Tuesday, November 27, 2007

Quotes From Around Yon Blogosphere

The construction [of the U.S. Embassy in Baghdad] has proceeded within budget and on time. For the State Department, this is a matter of pride. The prime contractor is First Kuwaiti General Trading & Contracting, which for security reasons was not allowed to employ Iraqi laborers, and instead imported more than a thousand workers from such countries as Bangladesh and Nepal. The importation of Third World laborers is a standard practice in Iraq, where the huge problem of local unemployment is trumped by American fears of the local population, and where it is not unusual, for instance, to find U.S. troops being served in chow halls by Sri Lankans wearing white shirts and bow ties.

First Kuwaiti has been accused of holding its workers in captivity by keeping their passports in a safe, as if otherwise they could have blithely exited the Green Zone, caught a ride to the airport, passed through the successive airport checkpoints, overcome the urgent crowds at the airline counters, purchased a ticket, bribed the police to ignore the country's myriad exit requirements (including a recent H.I.V. test), and hopped a flight for Dubai. Whatever the specific allegations, which First Kuwaiti denies, in the larger context of Iraq the accusation is absurd. It is Iraq that holds people captive. Indeed, the U.S government itself is a prisoner, and all the more tightly held because it engineered the prison where it resides. The Green Zone was built by the inmates themselves. The new embassy results from their desire to get their confinement just right.

-- WILLIAM LANGEWIESCHE

President Bush's indolent approach to (today's) Middle East peace conference in Annapolis suggests that he's just going through the motions to make his beloved secretary of state happy.

-- DAN FROOMKIN

The Peace Corps is asking older Americans who might have heard President John F. Kennedy’s call to service more than 40 years ago to heed his request.

Though older recruits are nothing new to the Peace Corps, it recently began an initiative to entice people age 50 or older into joining at a time when many of them are stepping away from a career and into the great unknown of retirement.

-- SARAH ABRUZZESE

Bill Clinton's shadow over the 2008 nominating race creates potential pitfalls for his wife and for her opponents. Hillary Clinton risks being seen as something other than her own candidate, while her opponents risk offending Iowa Democrats who revere the former president.
-- DONNA BRAZILE

There is an axiom about movie plots: If a gun is seen in an early scene, it will be fired before the final credits.

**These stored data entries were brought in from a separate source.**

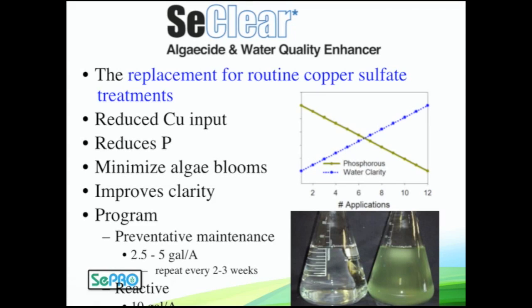The algaecide Seaclear is the one you should be using routinely — this is your go-to foundation for routine algae management programs. It is a copper-based algaecide with no irrigation restrictions, but it's a lot more than that. It's the only registered water quality enhancer, so it's improving clarity and taking out a little bit of phosphorus with every application, being proactive against algae. Right around 2.5 to 5 gallons per surface acre every 2 to 3 weeks will offset the majority of your algae issues.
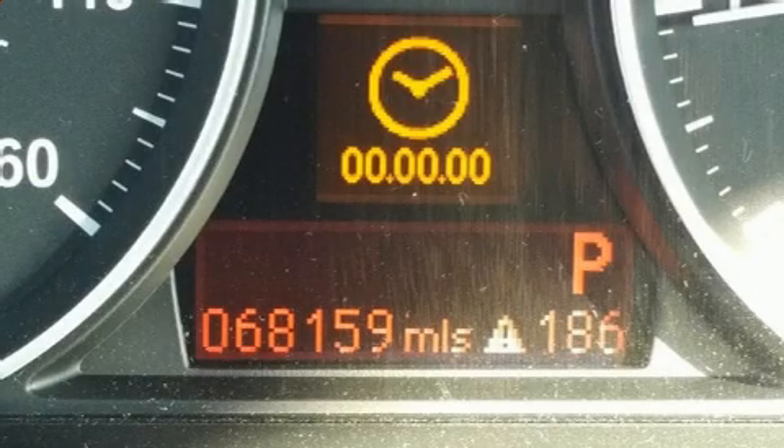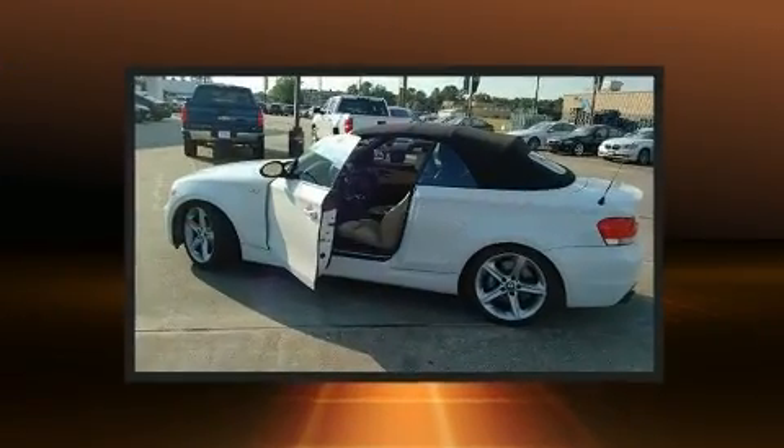Step into the 2008 BMW 135i. This two-door four-passenger convertible still has fewer than 70,000 miles.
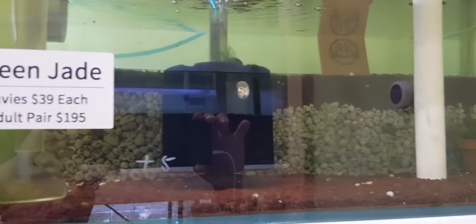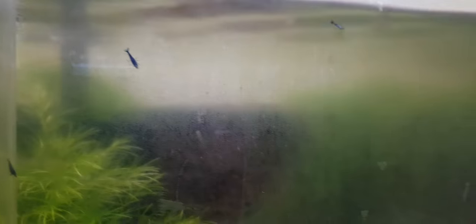They're still really small - you can't really see. These are called blue dreams. There's one here. I think these are empty tanks. So let's go to his other fish room.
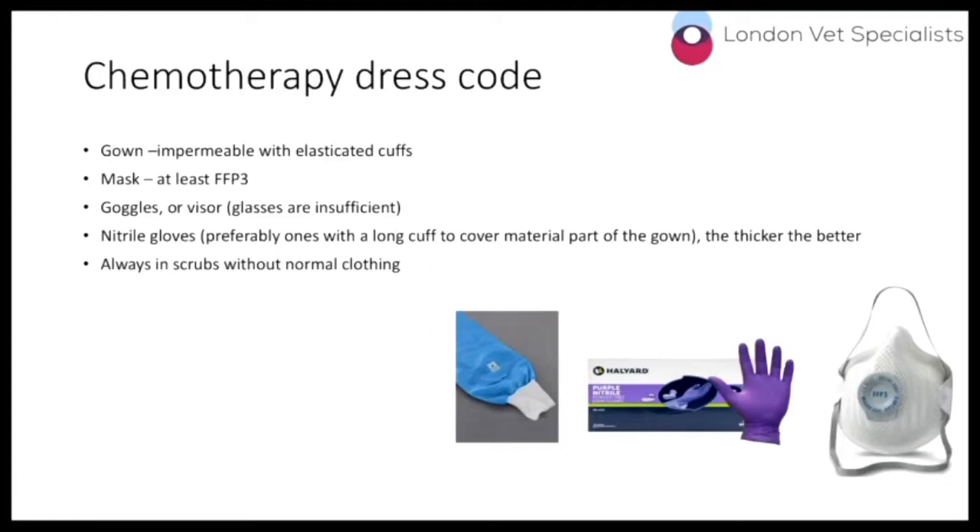If you are going to take scrubs home, that's fine. My suggestion is don't go in wearing them, in case you've got any young children or you yourself aren't particularly well. My suggestion is just take them off at work and wash them at home as you normally would.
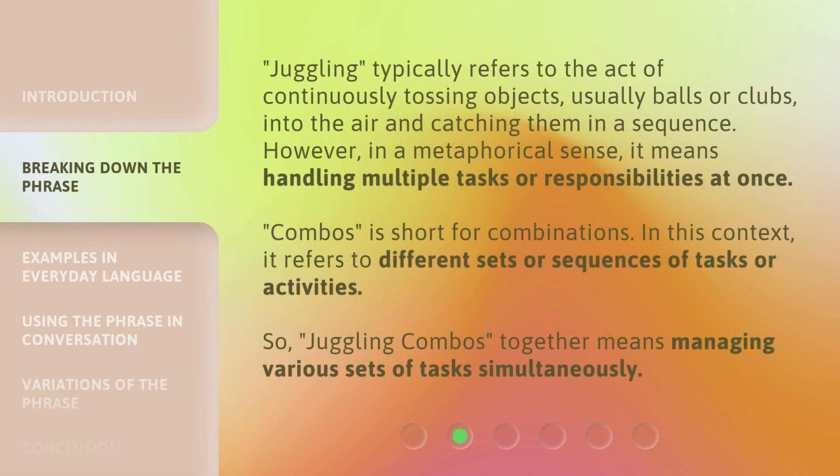Juggling typically refers to the act of continuously tossing objects, usually balls or clubs, into the air and catching them in a sequence. However, in a metaphorical sense, it means handling multiple tasks or responsibilities at once. Combos is short for combinations. In this context, it refers to different sets or sequences of tasks or activities. So, juggling combos together means managing various sets of tasks simultaneously.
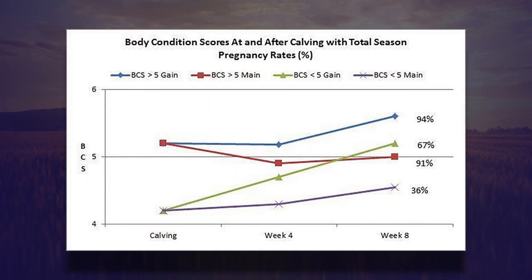If you look at this particular graphic closely, those heifers that were in thin body condition at calving time — even those that were fed to greatly increase body condition after calving — still only rebred at a 67 percent rate. That's much lower than the heifers in good body condition at calving time, which either maintained that through the breeding season or gained a little more after calving, with both of those groups above 90 percent.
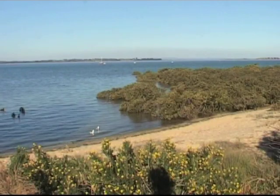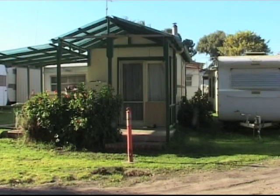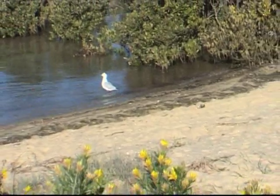This site is a caravan park situated on a bay. Prior to the worm farm waste systems being installed here, all the sewer was disposed of into the mangroves situated behind me, contaminating the beautiful pristine area.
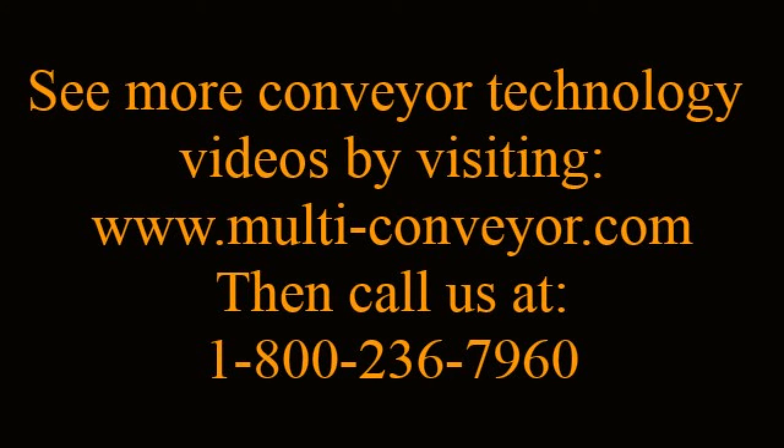View more videos by visiting www.multi-conveyor.com or call us direct at 1-800-236-7960.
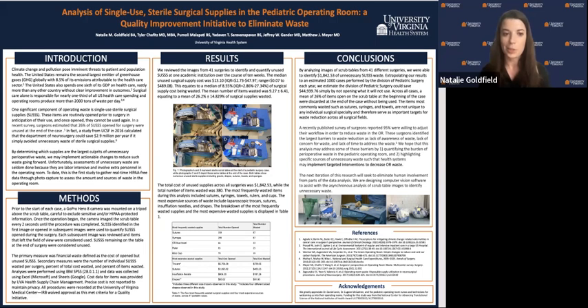One significant component of operating room waste is single-use sterile surgical supplies. These are items such as sutures, gowns, and syringes, which are routinely opened prior to surgery in anticipation that they will be used, and once open, they can't be used in a future procedure. Surgeons estimate that about 26% of such supplies opened go unused by the end of a case. In fact, a study from UCSF found that the Department of Neurosurgery alone could save $2.9 million per year if they simply avoided unnecessary waste of sterile surgical supplies.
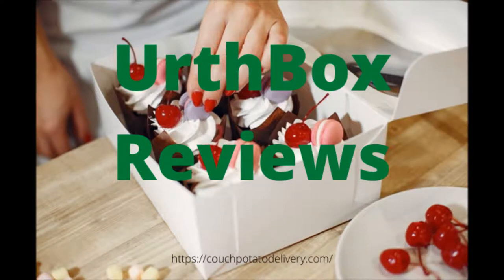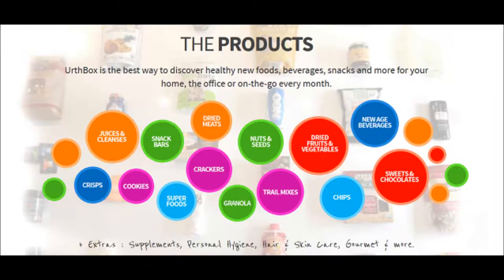When I started on the Earthbox reviews, I found out that this healthy snack and beverages subscription box has been around for many years. Earthbox is a monthly subscription box that is filled with snacks and beverages that are basically non-GMO, natural and organic.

So it is now in the international movie of our lives after the unreeling of more than half a century with weapons that could bring total devastation.

-- ROBERT STEIN

There's no question in my mind that horror at militant Islam and fear of Muslim immigration lie behind at least some of the current vogue for atheism--you don't make the bestseller list by excoriating the evils of Lutheranism or Buddhism.

. . . The problem is that the more scorn one feels for religious belief, the less able one is to appreciate "reformed" or "moderate" variants of the faith. After all, pro-gay Episcopalians and liberation theology Catholics still believe in Christ, the afterlife, sin; reformed Jews still find wisdom in the Old Testament. Strictly speaking, an atheist should have no truck with any of it. But if all you can offer people is reasons to quit their religion--which also often means their community, their family, their support system and their identity--you're not going to have many takers. For every brilliant angry teenager you strengthen in doubt, there's a mosque- or churchful of people who'll choose the old-time religion if the only other choice is nothing.